# USACO 2014 December Silver

## Problem 1: Piggyback

Bessie and her sister Elsie graze in different fields during the day, and in the evening they both want to walk back to the barn to rest. Being clever bovines, they come up with a plan to minimize the total amount of energy they both spend while walking.

Bessie spends B units of energy when walking from a field to an adjacent field, and Elsie spends E units of energy when she walks to an adjacent field. However, if Bessie and Elsie are together in the same field, Bessie can carry Elsie on her shoulders and both can move to an adjacent field while spending only P units of energy (where P might be considerably less than B+E, the amount Bessie and Elsie would have spent individually walking to the adjacent field). If P is very small, the most energy-efficient solution may involve Bessie and Elsie traveling to a common meeting field, then traveling together piggyback for the rest of the journey to the barn. Of course, if P is large, it may still make the most sense for Bessie and Elsie to travel separately. On a side note, Bessie and Elsie are both unhappy with the term “piggyback”, as they don’t see why the pigs on the farm should deserve all the credit for this remarkable form of transportation.

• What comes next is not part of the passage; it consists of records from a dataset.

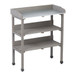 Outdoor Potting Table, 3 Tier Workbench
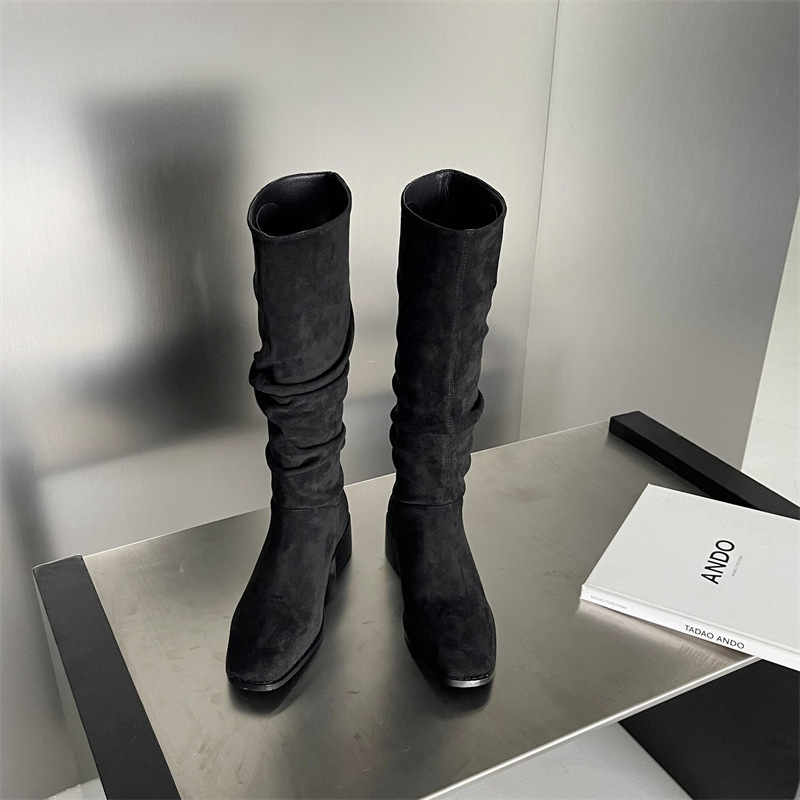 Summer high boots, 2023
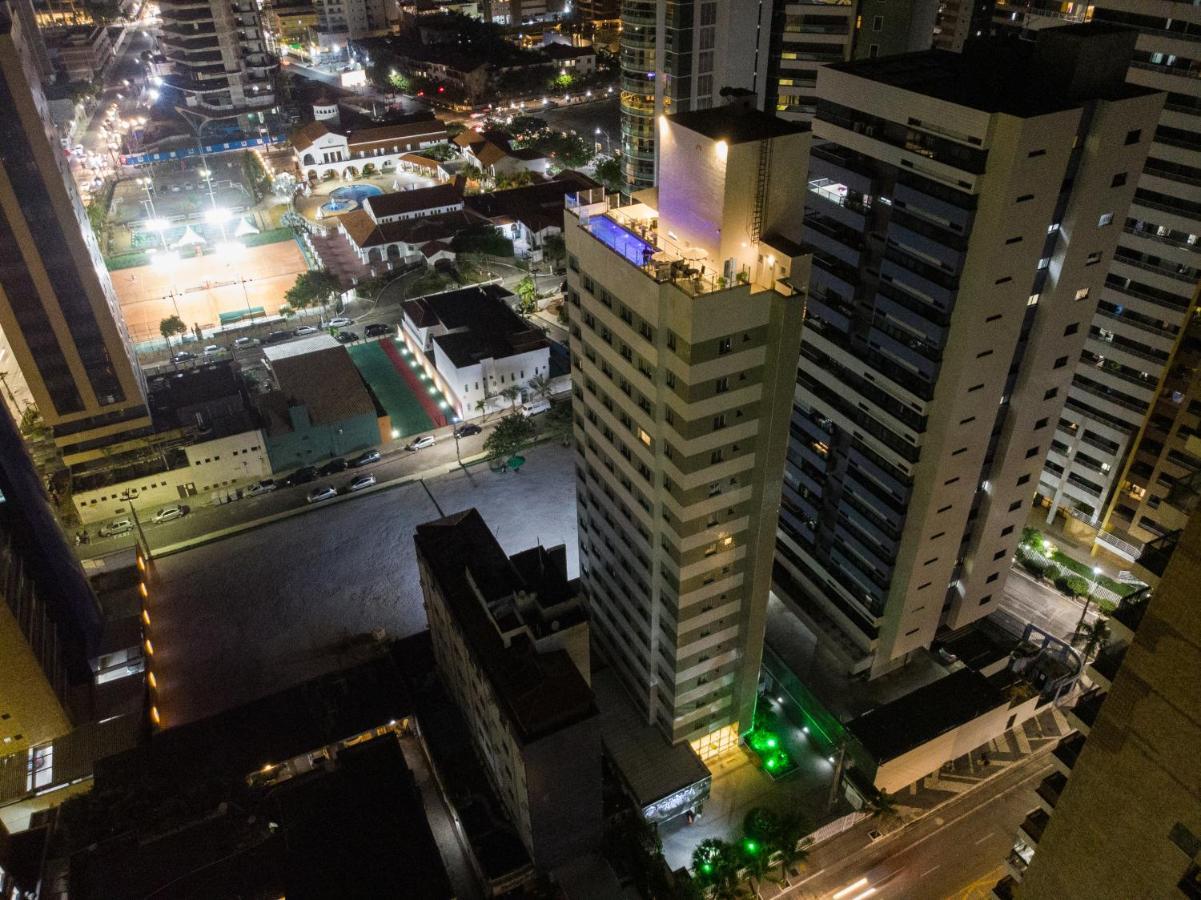 Aquidaba Praia Hotel Fortaleza  Extérieur photo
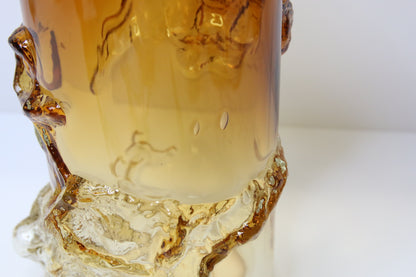 Riihimäen lasi Petäjä Maljakko Kaj Blomqvist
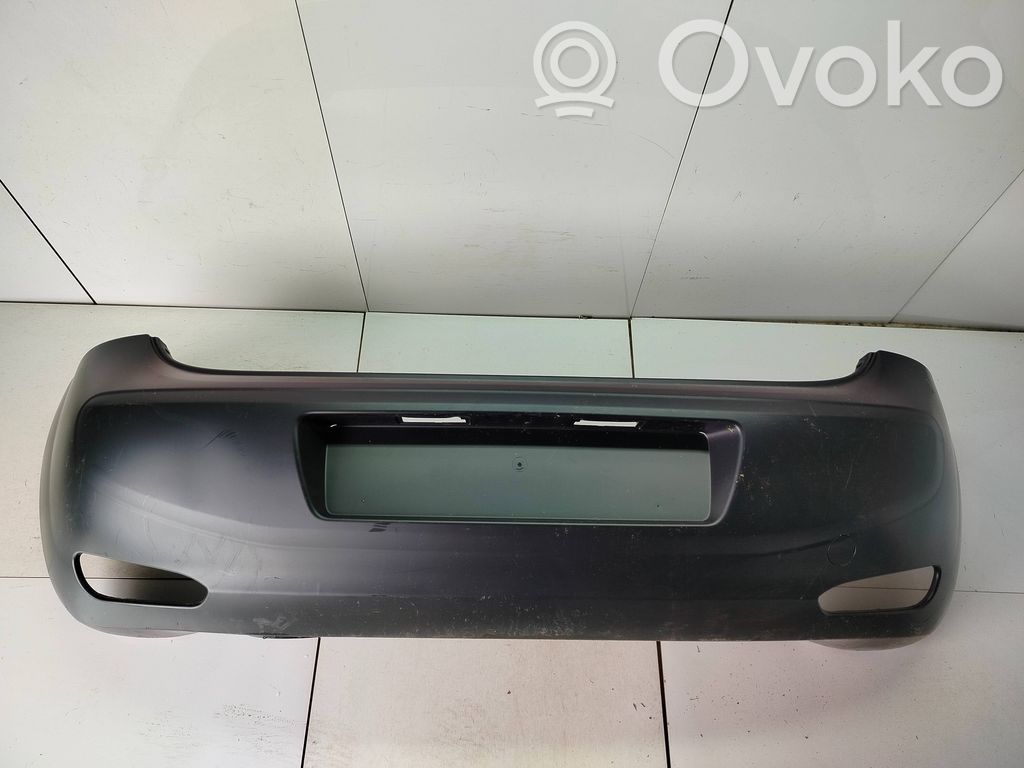 Fiat Punto Evo Parachoques 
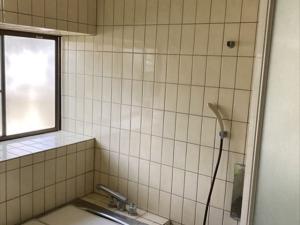 解体前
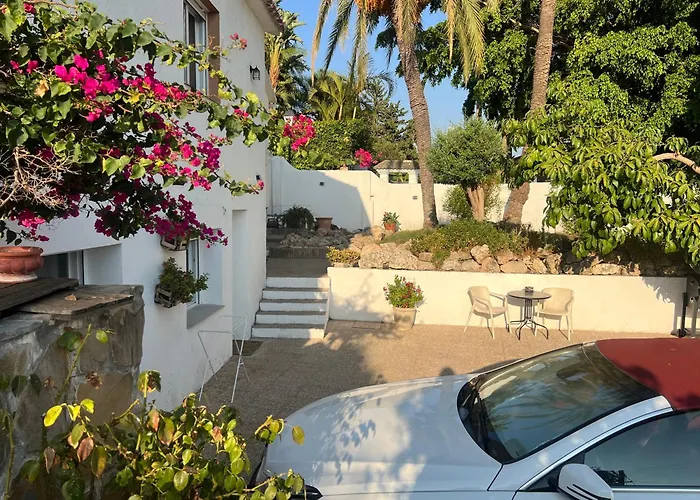 Hotel Yu Casa Marbella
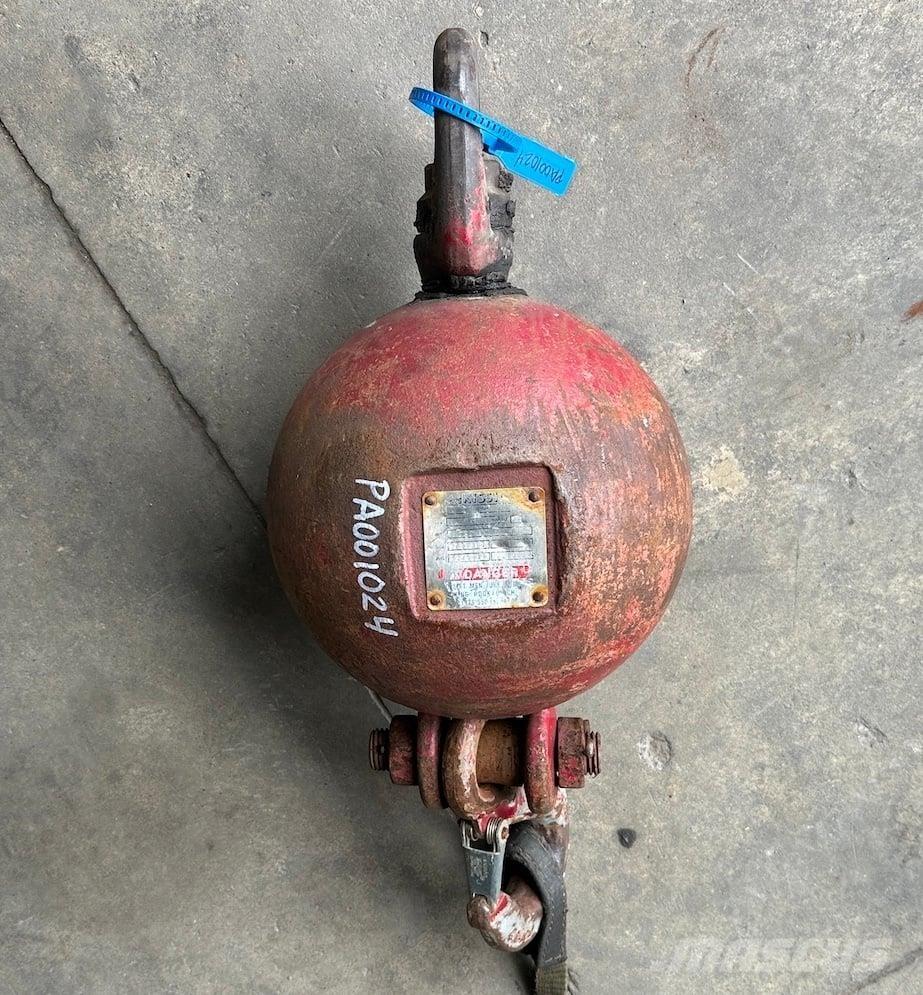  McKissick Övriga lyftmaskiner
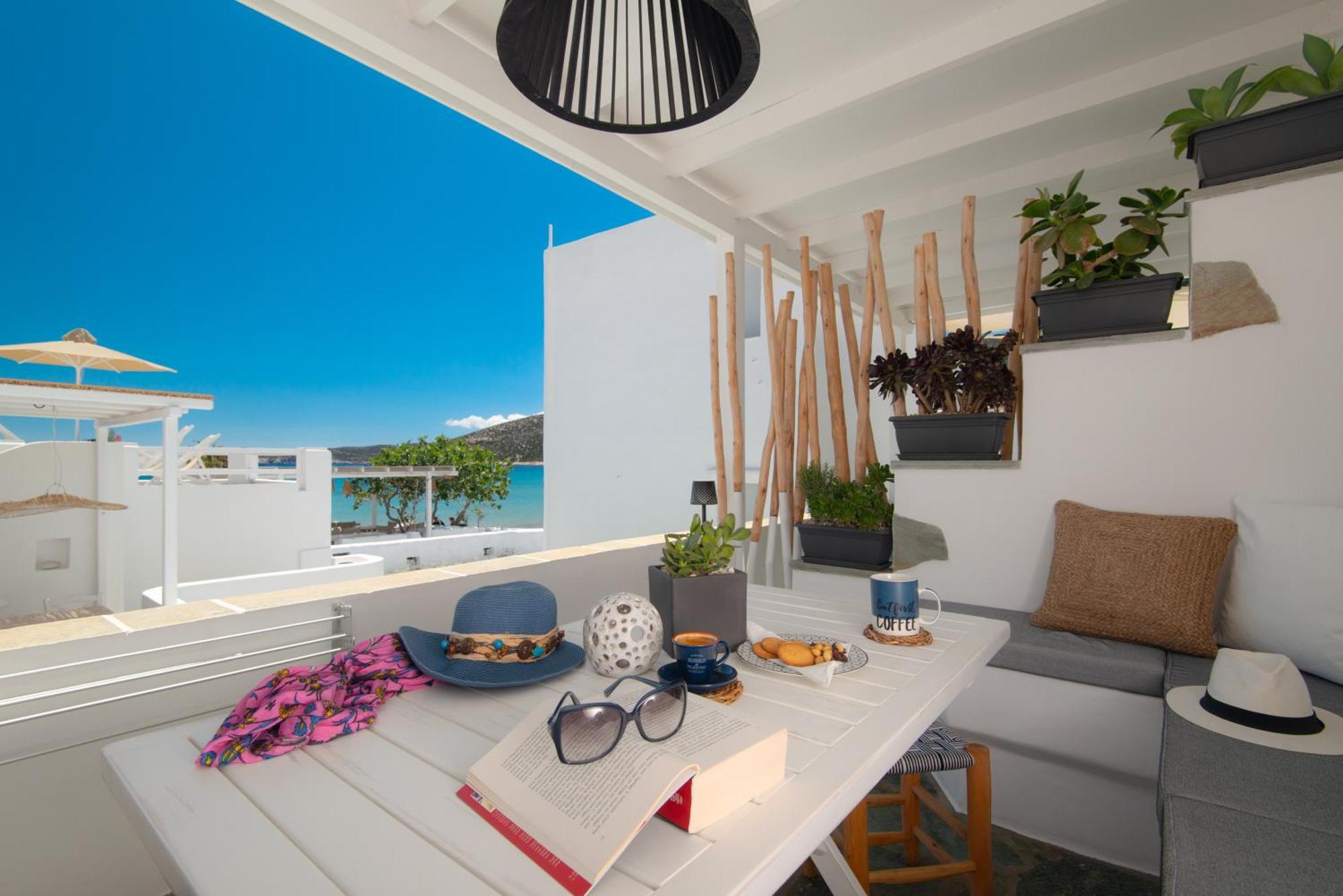 Miles Away Luxury Apartments Platis Gialos  Exterior foto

Given B, E, and P, as well as the layout of the farm, please compute the minimum amount of energy required for Bessie and Elsie to reach the barn.

INPUT: (file piggyback.in)

The first line of input contains the positive integers B, E, P, N, and M. All of these are at most 40,000. B, E, and P are described above. N is the number of fields in the farm (numbered 1..N, where N >= 3), and M is the number of connections between fields. Bessie and Elsie start in fields 1 and 2, respectively. The barn resides in field N.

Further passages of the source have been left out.